Bilans całego świata wychodzi na zero i wartość aktywów netto na całym świecie także jest równa zero. Co z tego wynika? Otóż wyraźna staje się pewna prawda: aby istniały kraje powiększające swój majątek narodowy, stale wypracowujące dodatni bilans (np. Niemcy), muszą jednocześnie istnieć kraje o stałym deficycie aktywów (np. Grecja). Gospodarka światowa nie jest magiczną sceną dla iluzjonisty, który w cudowny sposób wyczarowuje królika z pustego kapelusza. Z pustego, to i Salomon nie naleje… Nadwyżka na rachunku bieżącym danego kraju nie powstaje z próżni. Zawsze, koniecznie, jednocześnie, musi istnieć kraj, który „wypracowuje” deficyt na swoim rachunku bieżącym. Jeden naród stale bogaci się, kosztem ubożenia drugiego społeczeństwa.

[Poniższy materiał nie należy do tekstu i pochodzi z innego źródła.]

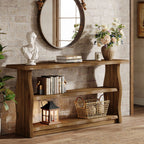 63-Inch Solid Wood Console Table with 3-Tier Open Storage, Rustic Pinewood Entryway Table for Hallway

Dług jednego podmiotu jest zawsze majątkiem finansowym kogoś innego. Dług nie będący jednocześnie niczyim majątkiem – nie istnieje. Dlatego tak znienawidzony dług rządu, tak naprawdę jest jednocześnie majątkiem finansowym kogoś innego. Wzrost poziomu zadłużenia rządu niesie za sobą wzrost finansowych aktywów (majątku) podmiotu pozarządowego. Przez „podmiot pozarządowy” należy tu rozumieć zwykle sektor prywatny, czyli przedsiębiorstwa i osoby prywatne, niestety również zagraniczne.
Pozwolę sobie na dygresję: nieco innego rodzaju przykładem takiej zależności są, albo raczej były – OFE: wraz ze wzrastającym zadłużeniem rządu, rósł majątek zgromadzony na indywidualnych kontach prywatnych osób. Gdyby nie dziwne transfery za zarządzanie, bilans wyniósłby zero.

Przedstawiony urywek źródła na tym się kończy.